The Treasury Department has suspended investments into federal employees' pensions, as the government butts up against its statutory borrowing limit.
Treasury Secretary Steven Mnuchin announced the step as part of the measures he is permitted to take to delay the government defaulting on its debt. In addition to the Civil Service Retirement and Disability Fund, Mnuchin said in his letter to congressional leadership that Treasury will also suspend investments in the Postal Service Retiree Health Benefits Fund.
Mnuchin’s predecessors have increasingly in recent years relied upon “extraordinary measures” to avoid exceeding the debt ceiling. Treasury has typically suspended investments into the Thrift Savings Plan’s government securities (G) fund to buy the government some additional financial wiggle room. On Tuesday, Mnuchin announced he will also “be unable to invest fully” in the G Fund, which is the most stable offering in the federal workforce’s 401(k) equivalent.
Treasury last suspended payments to the pension funds in July. Both the pension funds and the G Fund will be made whole upon Congress raising the debt limit.
“Federal retirees and employees will be unaffected by these actions,” Mnuchin said.
He estimated the “debt issuance suspension period” will continue through Jan. 31, 2018.
“I respectfully urge Congress to protect the full faith and credit of the United States by acting to increase the statutory debt limit as soon as possible,” Mnuchin wrote.
The Congressional Budget Office recently estimated that if the debt limit remains unchanged, “the ability to borrow using extraordinary measures will be exhausted and the Treasury will most likely run out of cash by late March or early April 2018.” Surpassing the borrowing limit would require the government to delay paying for activities, default on its debt obligations or both.
The current debt ceiling is $20.5 trillion, the amount to which it was raised after the temporary suspension of the borrowing limit that went into place in September expired.
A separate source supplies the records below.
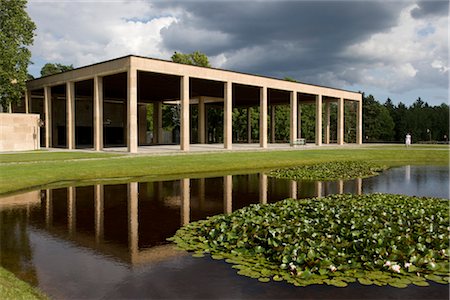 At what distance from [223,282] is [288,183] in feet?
42.8

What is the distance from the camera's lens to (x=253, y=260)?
7.78 m

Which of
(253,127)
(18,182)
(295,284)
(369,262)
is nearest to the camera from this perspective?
(295,284)

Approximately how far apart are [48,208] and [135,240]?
547cm

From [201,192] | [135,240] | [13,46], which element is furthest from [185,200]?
[13,46]

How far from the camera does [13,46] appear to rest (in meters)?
43.8

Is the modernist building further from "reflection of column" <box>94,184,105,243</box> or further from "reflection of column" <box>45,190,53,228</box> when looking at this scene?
"reflection of column" <box>45,190,53,228</box>

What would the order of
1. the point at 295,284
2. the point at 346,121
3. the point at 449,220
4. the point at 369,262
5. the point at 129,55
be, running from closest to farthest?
the point at 295,284
the point at 369,262
the point at 449,220
the point at 129,55
the point at 346,121

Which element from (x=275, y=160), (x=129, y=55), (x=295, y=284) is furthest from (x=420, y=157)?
(x=295, y=284)

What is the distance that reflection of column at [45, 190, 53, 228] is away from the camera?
37.4 ft

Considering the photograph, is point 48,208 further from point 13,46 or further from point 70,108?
point 13,46

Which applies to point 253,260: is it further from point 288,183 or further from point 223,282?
point 288,183

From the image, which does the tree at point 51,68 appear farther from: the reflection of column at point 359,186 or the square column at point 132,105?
the reflection of column at point 359,186

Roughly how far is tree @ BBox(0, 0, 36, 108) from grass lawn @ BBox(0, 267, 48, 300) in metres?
42.2

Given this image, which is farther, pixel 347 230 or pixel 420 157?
pixel 420 157
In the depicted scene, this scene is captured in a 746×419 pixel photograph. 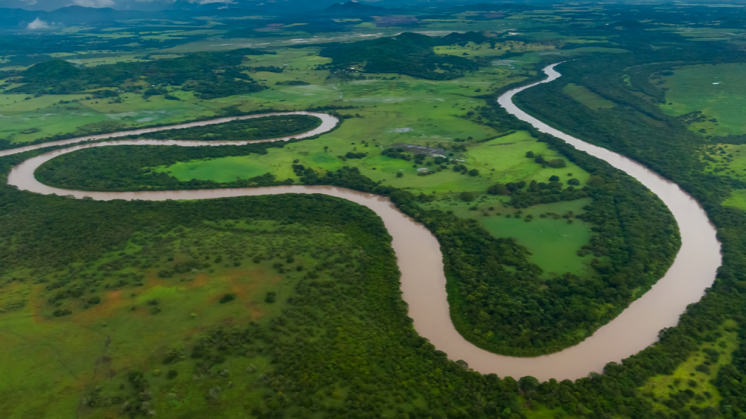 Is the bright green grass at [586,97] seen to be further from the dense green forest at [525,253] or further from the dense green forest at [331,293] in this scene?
the dense green forest at [525,253]

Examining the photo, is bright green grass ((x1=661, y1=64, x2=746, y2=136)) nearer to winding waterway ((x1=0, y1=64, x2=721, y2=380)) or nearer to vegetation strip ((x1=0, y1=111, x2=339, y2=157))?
winding waterway ((x1=0, y1=64, x2=721, y2=380))

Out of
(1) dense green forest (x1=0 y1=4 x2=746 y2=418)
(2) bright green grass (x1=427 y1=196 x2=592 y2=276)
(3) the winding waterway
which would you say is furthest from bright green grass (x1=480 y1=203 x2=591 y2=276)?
(3) the winding waterway

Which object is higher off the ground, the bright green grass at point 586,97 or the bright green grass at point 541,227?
the bright green grass at point 586,97

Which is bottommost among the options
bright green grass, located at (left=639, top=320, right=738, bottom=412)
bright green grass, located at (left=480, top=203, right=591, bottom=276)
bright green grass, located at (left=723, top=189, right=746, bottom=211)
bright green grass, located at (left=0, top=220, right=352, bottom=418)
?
bright green grass, located at (left=723, top=189, right=746, bottom=211)

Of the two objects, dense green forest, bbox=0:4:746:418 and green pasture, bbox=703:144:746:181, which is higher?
dense green forest, bbox=0:4:746:418

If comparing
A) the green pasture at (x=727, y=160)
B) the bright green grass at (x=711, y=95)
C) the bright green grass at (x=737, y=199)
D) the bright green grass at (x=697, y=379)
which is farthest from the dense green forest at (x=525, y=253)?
the bright green grass at (x=711, y=95)

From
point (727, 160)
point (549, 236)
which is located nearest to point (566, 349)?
point (549, 236) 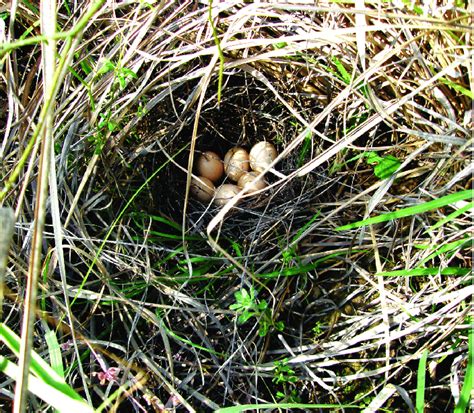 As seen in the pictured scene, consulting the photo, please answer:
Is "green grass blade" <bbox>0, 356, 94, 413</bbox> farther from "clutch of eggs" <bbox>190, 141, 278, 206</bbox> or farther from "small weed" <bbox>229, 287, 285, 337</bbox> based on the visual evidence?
"clutch of eggs" <bbox>190, 141, 278, 206</bbox>

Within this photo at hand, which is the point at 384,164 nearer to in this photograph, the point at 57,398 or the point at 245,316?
the point at 245,316

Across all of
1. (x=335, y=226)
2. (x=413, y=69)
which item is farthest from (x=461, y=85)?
(x=335, y=226)

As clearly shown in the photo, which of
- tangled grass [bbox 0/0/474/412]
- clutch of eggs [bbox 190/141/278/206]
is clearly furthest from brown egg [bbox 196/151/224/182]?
tangled grass [bbox 0/0/474/412]

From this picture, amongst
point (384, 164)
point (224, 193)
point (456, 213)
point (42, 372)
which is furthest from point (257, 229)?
point (42, 372)

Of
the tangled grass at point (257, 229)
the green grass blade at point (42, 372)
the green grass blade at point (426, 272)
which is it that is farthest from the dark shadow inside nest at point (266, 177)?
the green grass blade at point (42, 372)

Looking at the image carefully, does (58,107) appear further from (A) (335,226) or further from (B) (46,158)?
(A) (335,226)

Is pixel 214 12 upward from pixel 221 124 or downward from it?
upward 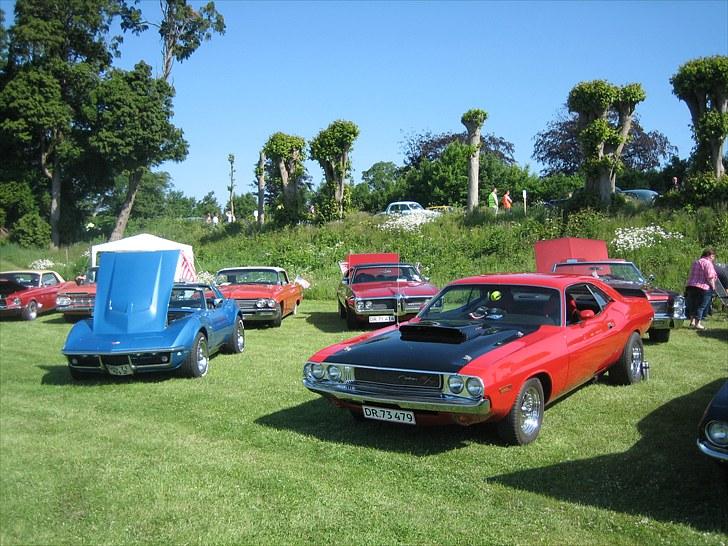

As the new extraordinary measures take effect, Congress will now have a few months to decide how to avoid a default.
In 2011, Congress and the Obama administration had contentious fights over raising the debt limit, leading to the 2011 Budget Control Act. That law created the automatic, governmentwide budget cuts known as sequestration, which began in 2013 and will return to full force this year unless Congress agrees to raise the spending caps.